While not everyone in the experiment carried out these orders, and some even protested, 60 percent of the participants did fully “shock” the supposed student. Unfortunately, some participants who obeyed the order at the highest level of voltage later suffered mental stress for having done so, even though they learned at the end of their sessions that they had not actually harmed anyone.

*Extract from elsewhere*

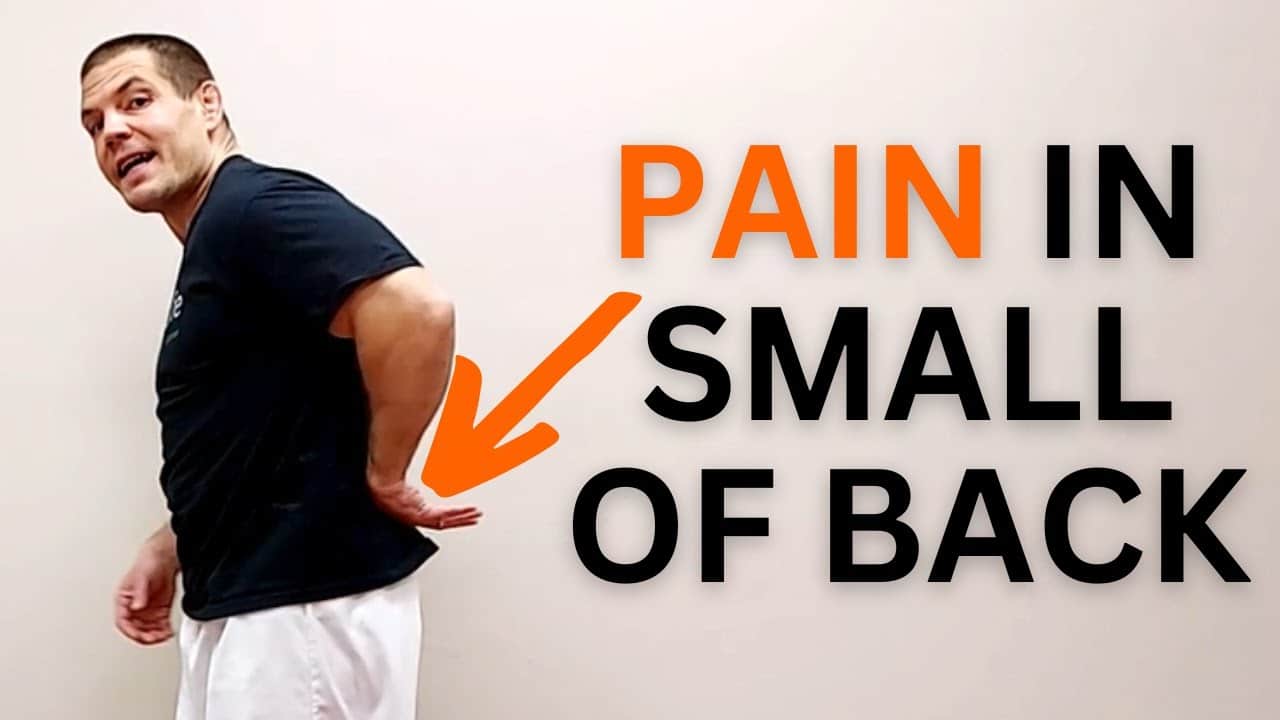 Stop Pain in the Small of Your Back with These Easy Tips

As part of the experiment, Milgram varied the distance between the participant and the hidden student and discovered that the closer the student was to the participant, the less obedient the participant became. He also tested the level of obedience when the participant was joined by two others (actors) who refused to comply when he ordered them to administer the highest shock. In these cases, only 10 percent of the participants were willing to administer the highest shock, indicating a reluctance to obey a repulsive command when joined by others who refused to obey.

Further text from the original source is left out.